Data extract
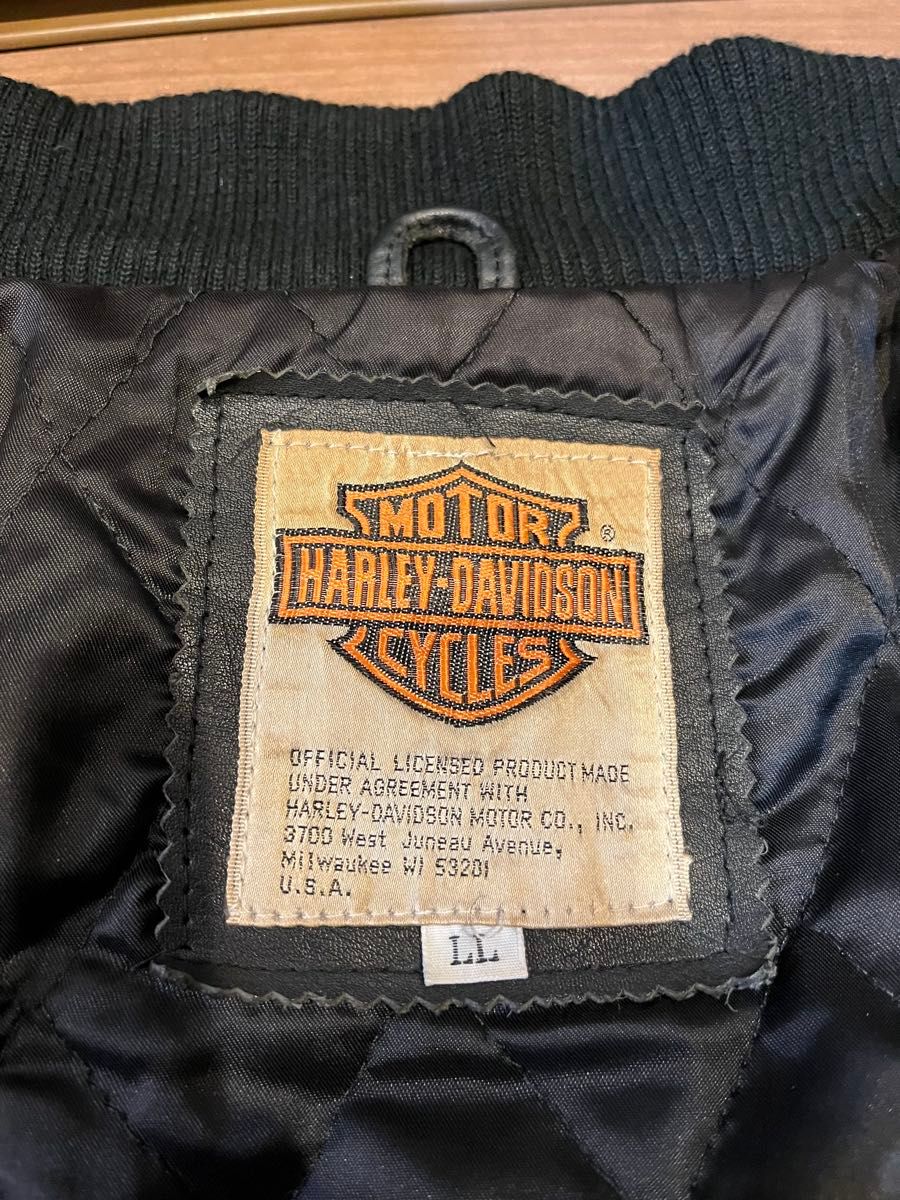 希少MA-1タイプ HARLEY-DAVIDSON オールレザースタジャン XL 希少MA-1タイプ HARLEY-DAVIDSON オールレザースタジャン XL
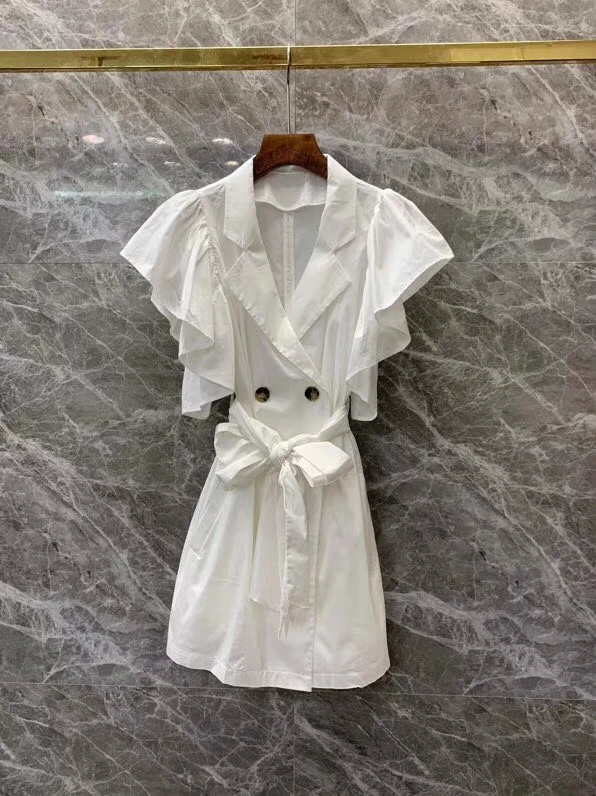 

2019 Elegant Sexy Cotton Summer Dress Women Casual A-Line Solid Short Sashes Knee-Length PetalSleeve Empire Free Shipping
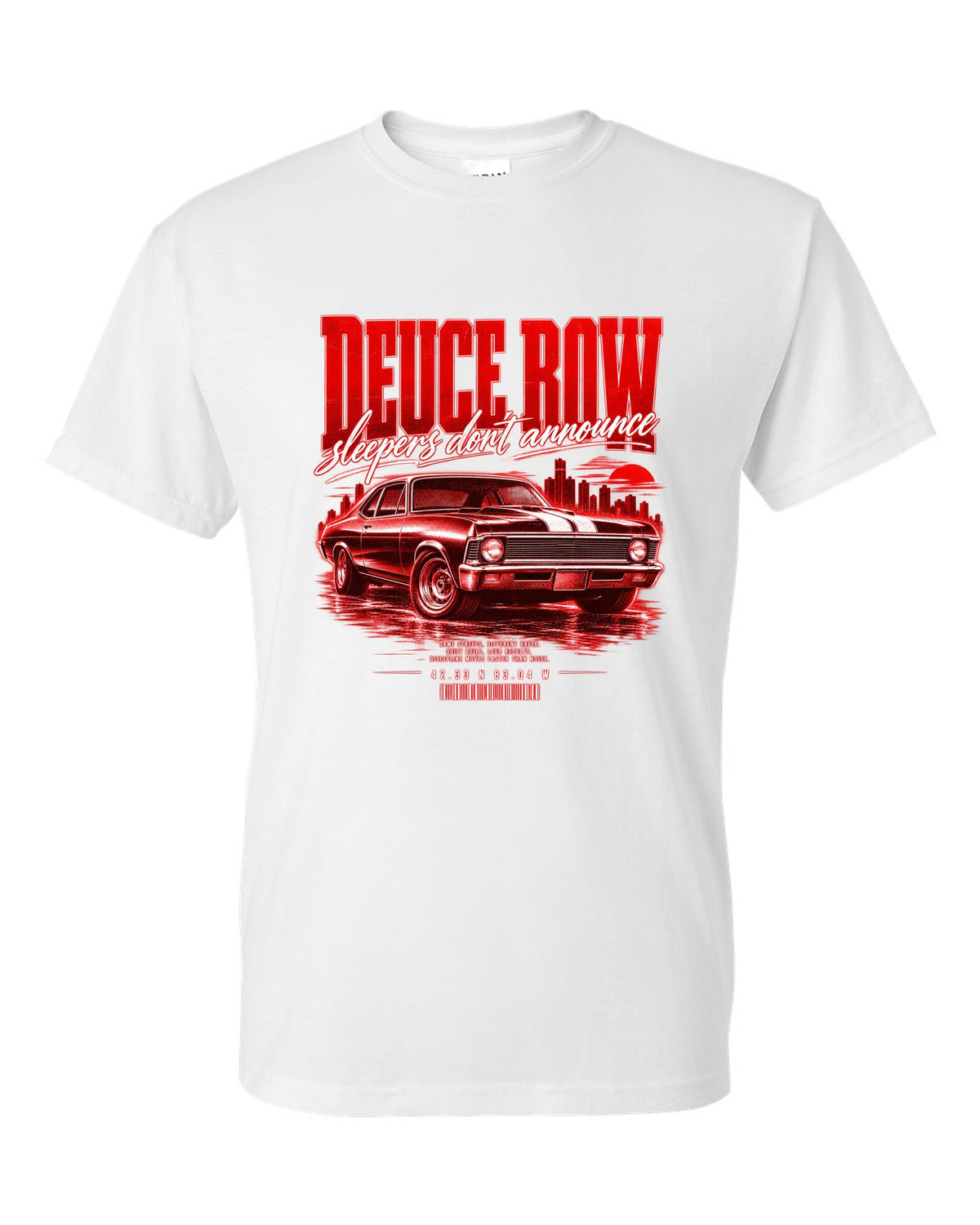 Street-poster print of a 1969 Chevrolet Nova SS with Deuce Row lettering white t-shirt front view with the design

Activity
Your answer must contain the full data, repeated exactly, without pictures.

Finished task
 希少MA-1タイプ HARLEY-DAVIDSON オールレザースタジャン XL 希少MA-1タイプ HARLEY-DAVIDSON オールレザースタジャン XL

2019 Elegant Sexy Cotton Summer Dress Women Casual A-Line Solid Short Sashes Knee-Length PetalSleeve Empire Free Shipping
 Street-poster print of a 1969 Chevrolet Nova SS with Deuce Row lettering white t-shirt front view with the design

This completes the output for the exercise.